It is boom time for aspiring journalists and the various journalism schools (J-schools) across the country as 24-hour television news channels sprout every other month and a slew of magazines and newspapers hit the newsstands.But, in the midst of a media boom that has seen journalists' salaries soar as hiring managers try to fill newsrooms, there is a growing awareness of a long-ignored crisis in Indian journalism: an acute shortage of quality talent.

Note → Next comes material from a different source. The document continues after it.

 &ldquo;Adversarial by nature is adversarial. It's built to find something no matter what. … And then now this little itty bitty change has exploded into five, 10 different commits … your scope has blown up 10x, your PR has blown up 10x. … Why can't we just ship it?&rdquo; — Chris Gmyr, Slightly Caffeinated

This might be surprising as there are around 200 colleges and universities that offer journalism programmes that are recognized by the University Grants Commission; some 400-500 additional colleges with other journalism programmes and 1,000-1,500 training programmes without degrees, according to S. Raghavachari, head of the department of broadcast journalism at the Indian Institute of Mass Communication, Delhi.Are they prepared? Asian College of Journalism, Chennai. Journalism schools concede there is a gap in their training. But, sheer quantity has failed to deliver quality as far as the Indian journalism pipeline goes. Many of these programmes are taught by part-time journalists or professors who have not stepped into a newsroom in years. Much like journalism, journalism education in India has been an underpaid and not-well-regarded profession, often attracting those who opted out of newsrooms or were too old to be active journalists. "They have some fine teachers, but many have never stepped inside a newsroom and, therefore, are unable to provide relevant guidance," says Sunil Saxena, dean of the Online Centre for Media Studies, the first online school of journalism in India.
While some schools such as the Asian College of Journalism (ACJ) in Chennai and seasoned educators such as Thomas Oommen, former head of the Times School of Journalism and now head of Malayala Manorama Group-run Manorama School of Communication, or Mascom, in Kottayam, Kerala, have produced enough hireable young journalists in the past, a spurt in media outlets has sparked a feeding frenzy that has created a significant shortage of well trained, entry-level journalists. In recent years, this has then created an acute shortage of mid- and very senior-level journalists.
According to a report by the Federation of Indian Chambers of Commerce and Industry, an industry lobby, India's print and broadcast industries are expected to grow at a compounded annual rate of 14% and 22%, respectively, until 2012. While print is estimated to become a Rs28,100 crore industry by 2012, television will be a Rs60,000 crore sector.
Even this kind of growth still leaves more headroom. According to industry estimates, some 222 million Indians read a publication of any kind and only 115 million households have access to television, leaving hundreds of millions who could become media consumers.